City, oyunu geliştirmeye yardımcı olmak için genellikle beklerinden birini orta sahaya getirir, ancak hem Rico Lewis'i hem de Gvardiol'u bloklardan dışarı doğru uçarken, Everton'un arka dörtlüsüne aşırı yük bindirip onları esnetmeye çalışırken nasıl yükseğe ve dışa doğru ittikleri dikkat çekiciydi. oyun alanı.

Lewis'in sağ alttaki şutu kesildiğinde aşağıdaki tutamaçtan görebileceğimiz gibi, City erken aşamalarda baskıyı artırdığı için yaklaşım etkili bir şekilde 3-0-7 oldu.



Ancak Silva ilk golü attıktan sonra Lewis, hazırlıklarda daha fazla kontrole sahip olmak ve topu kaybetmeleri durumunda City'yi daha kompakt hale getirmek için hızla daha merkezi rolüne geri döndü.

Burada, golün ardından üç dakika sonra orta sahada Mateo Kovacic'in yakınında duruyor.



Guardiola'nın oyuna sırtını dönüp daha dengeli bir forma dönmesi bilinçli bir kararıydı ve eğer Ndiaye kontra atakta bir anlık dahiyane bir performans göstermeseydi bu haklı olabilirdi. Ancak City şu anda kötü şutlara karşı bu kadar savunmasız olduğundan, gazdan bu kadar çabuk ayaklarını çekmelerini görmek kaçırılmış bir fırsat gibi geldi.


Lewis'in orta sahaya geri düşmesinin yan etkilerinden biri de kanat oyuncusu Savinho'nun kanat desteğini kaybetmesi. Brezilyalı oyuncu, City'nin golünden önceki çeyrek saatte 15 topa dokunurken, yarının geri kalanında yalnızca 16 kez topa dokunabildi.

SkillCorner'dan elde edilen veriler tabloyu daha da netleştirmeye yardımcı oluyor: City, Avrupa'nın beş büyük liginde, topa sahip olduğu 30 dakika başına en az üst üste koşu yapan takım. Ayrıca arkalarında bir koşucu bulmak için ellerine göre en az pas atmaya çalıştılar ve bu koşuları yaptıklarında bulma fırsatlarının yaklaşık yüzde 46'sını dönüştürdüler. Şaşırtıcı olmayan bir şekilde bu oran, bu sezon Premier Lig'deki en düşük oran.

Bu rakamları etkileyen çeşitli faktörler var – City'nin derinde oturan takımlara vurma eğiliminde olması ve onlara arkalarında boşluk bırakması – ancak takım sadece birkaç adım ileri giderken forvetlerin hareket eksikliği daha da arttı ve daha da arttı. son haftalarda daha da belirginleşti. Aston Villa'da olduğu gibi işleri öngörülebilir hale getiriyor ve yalnızca arkası kaleye dönük, çoğunlukla statik olan kalabalık merkez bölgelerde oyuncu bulma zorluğunu artırıyor.

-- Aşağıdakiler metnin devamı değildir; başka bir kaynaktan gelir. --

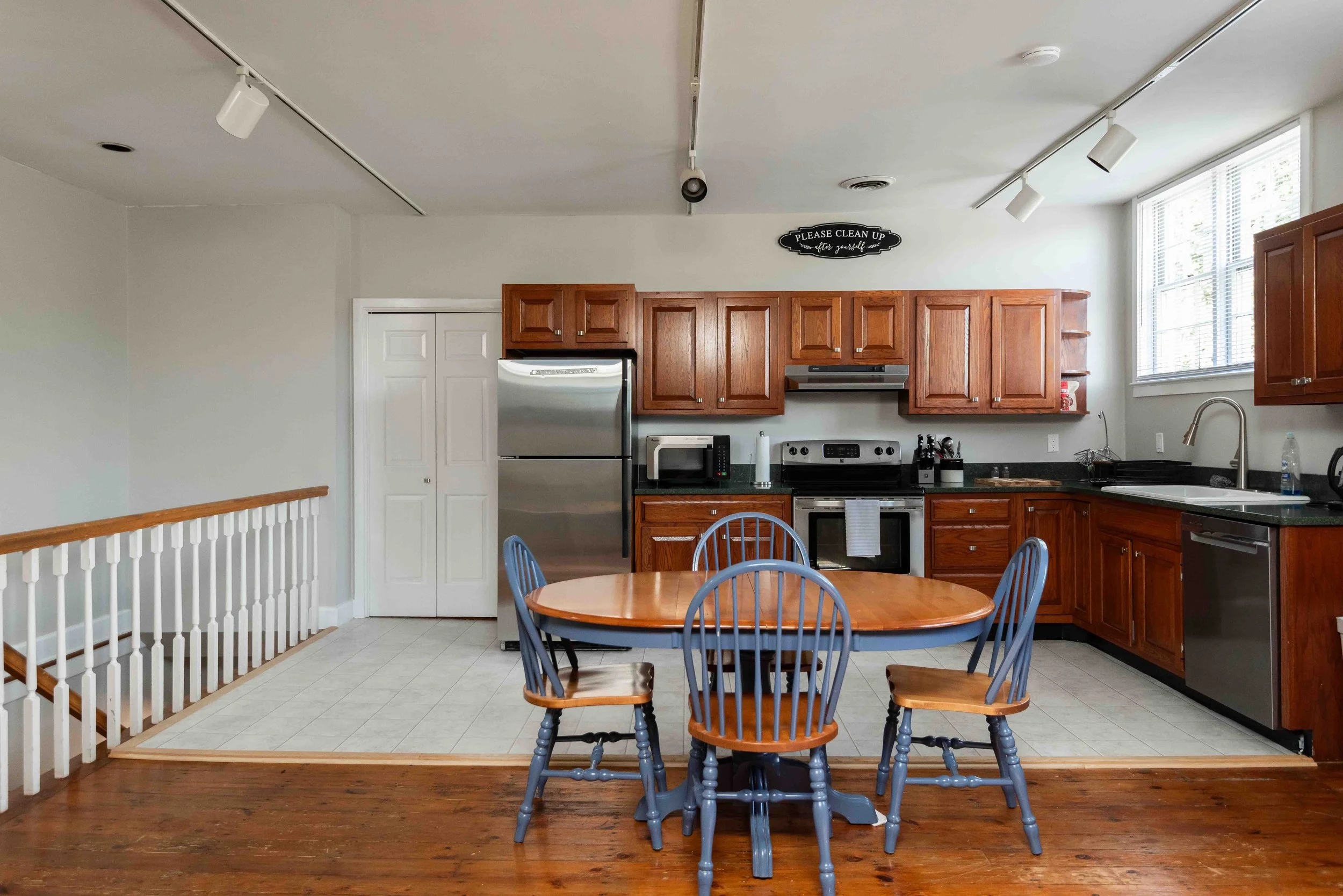 Internship Apartment-5.jpg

Bu ayın başlarında Nottingham Forest'a karşı alınan 3-0'lık galibiyette Jack Grealish'in Gvardiol'un kaleye şut atabilmesi için bir defans oyuncusunu orta sahaya sürüklemesi cesaret verici bir konumsal rotasyon örneğiydi, ancak City bu tür yıkıcı adımları her zaman atmakta isteksiz görünüyordu. olası.



Kasvetli bir görüş ise City'nin zirveden bu kadar uzakta olması nedeniyle kaybedilen puanların artık o kadar da önemli olmadığı yönünde. Şampiyonlar Ligi elemeleri olmasa da şampiyonluk arayışı açısından bakıldığında hasar çoktan verildi.

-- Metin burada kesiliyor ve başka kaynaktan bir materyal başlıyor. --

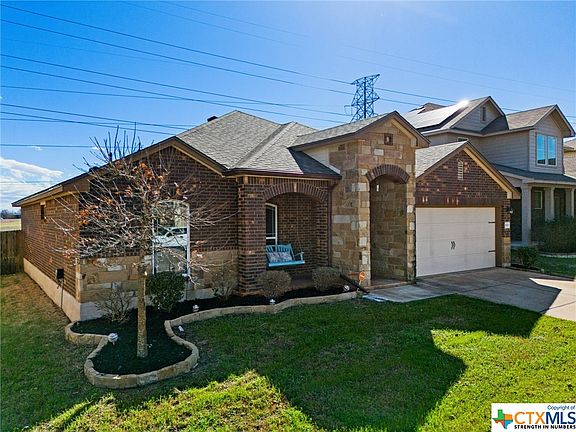 2nd image of 3202 Cricklewood Dr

Ancak üç maç kazandıktan sonra yeni bir yenilgiyle başlamak, takımın kale önünde özgüvenini yeniden inşa etmesi için kaçırılmış bir fırsat gibi geliyor. City daha acımasız olsaydı ve Ake'in reddettiği türden paslar oynasaydı, ateş güçleri bazı kötü şansların üstesinden gelebilirdi.